▸ **Provided data**:
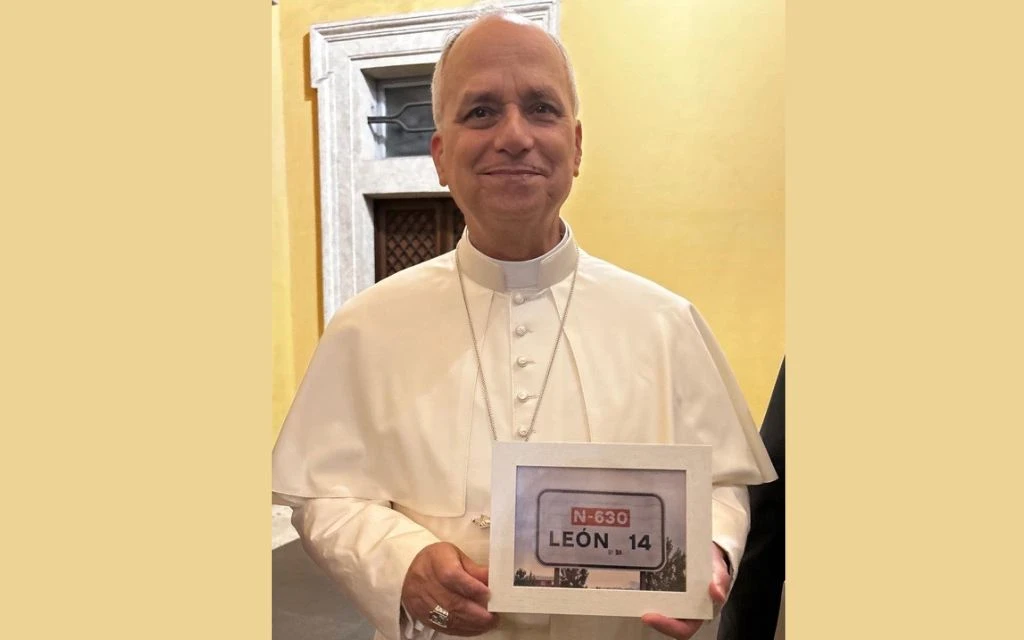 Un sacerdote español regaló al Papa León XIV la foto de una señal de tráfico?w=200&h=150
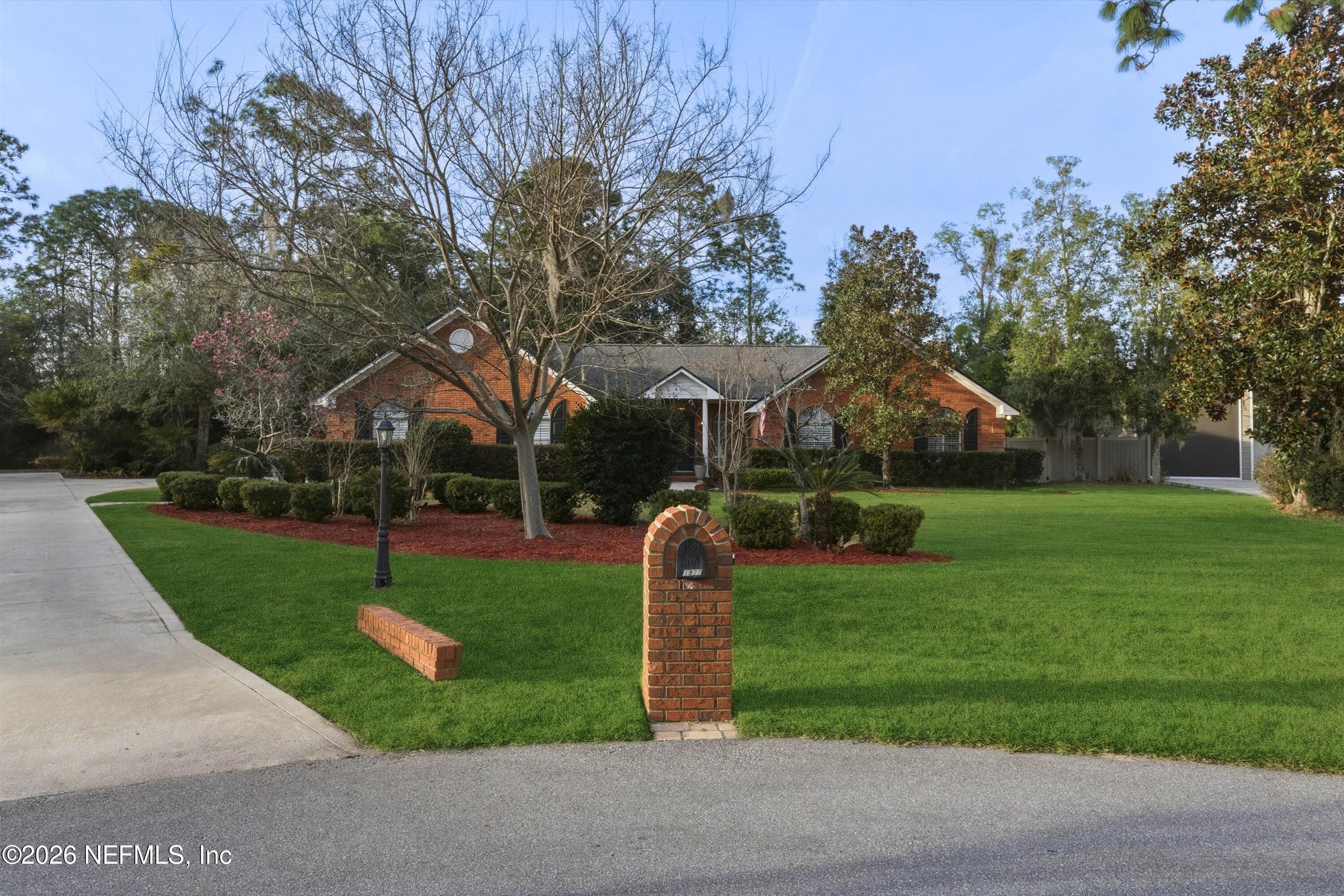 1977 FALCON Court, St. Johns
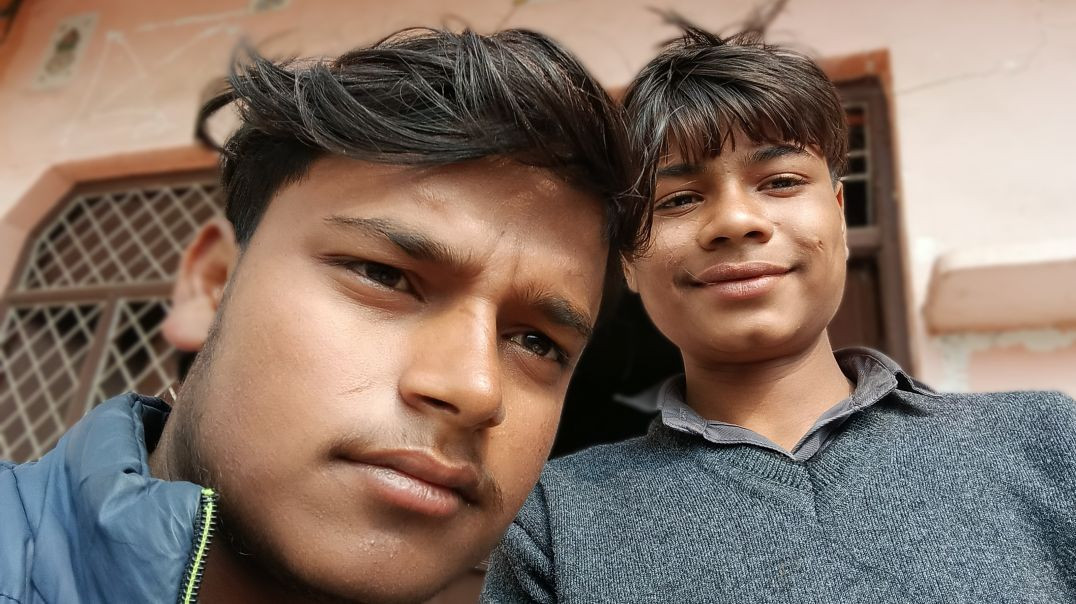 ⁣Kar lo hamare gaon ka Mausam bingra block 😅😄😂😄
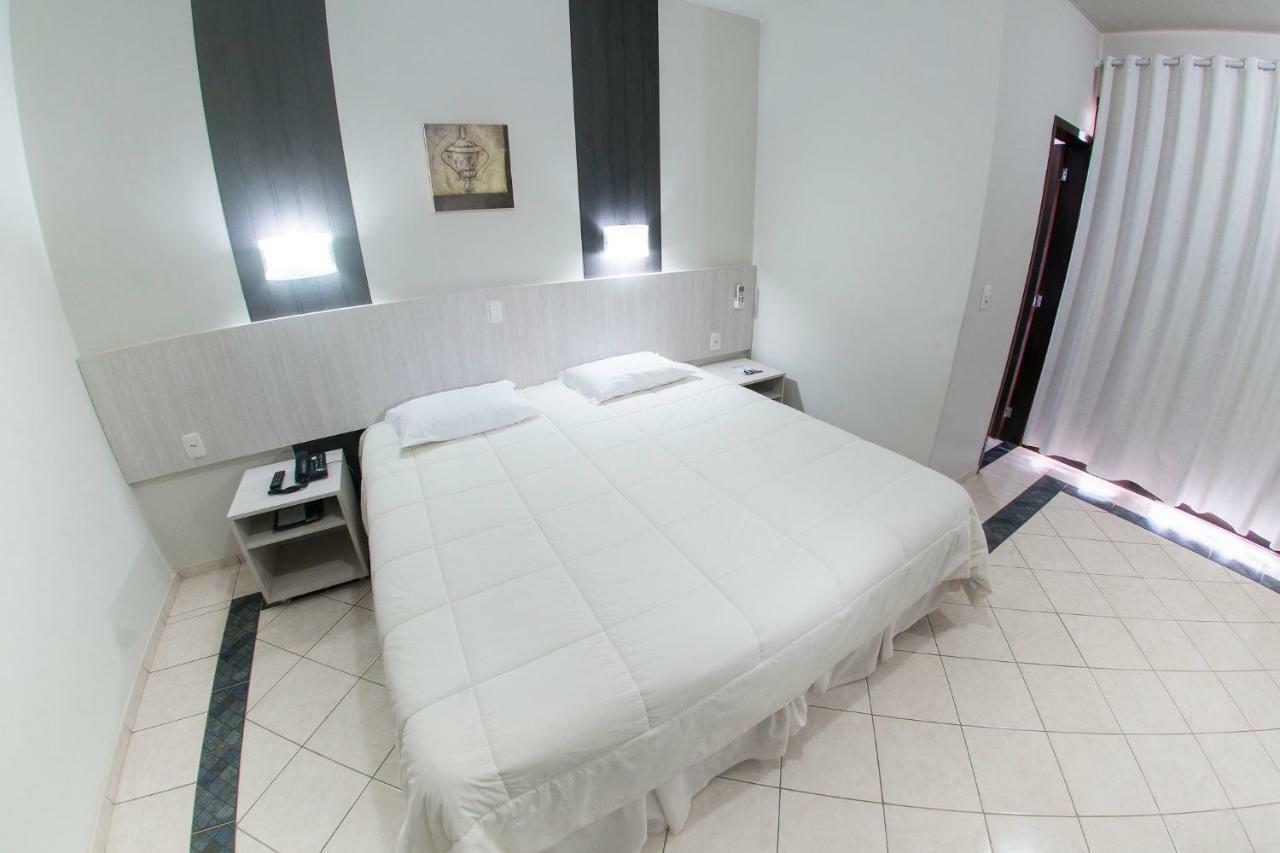 Quarto com Cama de Casal ou 2 de Solteiro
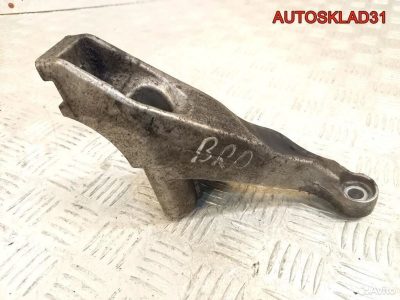 Кронштейн двигателя левый Audi A4 B7 2,0 TDI BRD - АвтоСклад31.рф - авторазборка контрактные б/у запчасти в г. Белгород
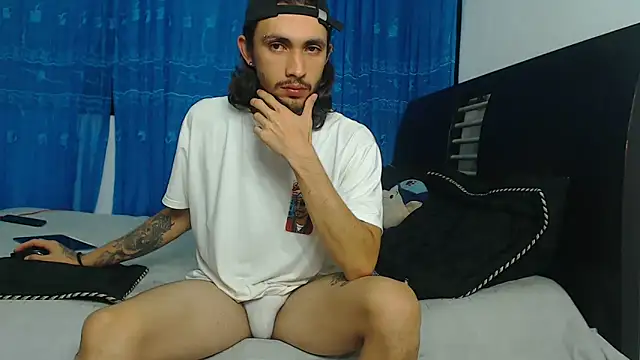 Snapshot of Hot_Sharks_ chatting on 09-14-25, 05:17 Hot Sharks online show from 09-14-25, 05:17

▸ **Task brief**: Would you write out the material above in full, exactly as given, except for its pictures?

▸ **Reply to the exercise**:
 Un sacerdote español regaló al Papa León XIV la foto de una señal de tráfico?w=200&h=150
 1977 FALCON Court, St. Johns
 ⁣Kar lo hamare gaon ka Mausam bingra block 😅😄😂😄
 Quarto com Cama de Casal ou 2 de Solteiro
 Кронштейн двигателя левый Audi A4 B7 2,0 TDI BRD - АвтоСклад31.рф - авторазборка контрактные б/у запчасти в г. Белгород
 Snapshot of Hot_Sharks_ chatting on 09-14-25, 05:17 Hot Sharks online show from 09-14-25, 05:17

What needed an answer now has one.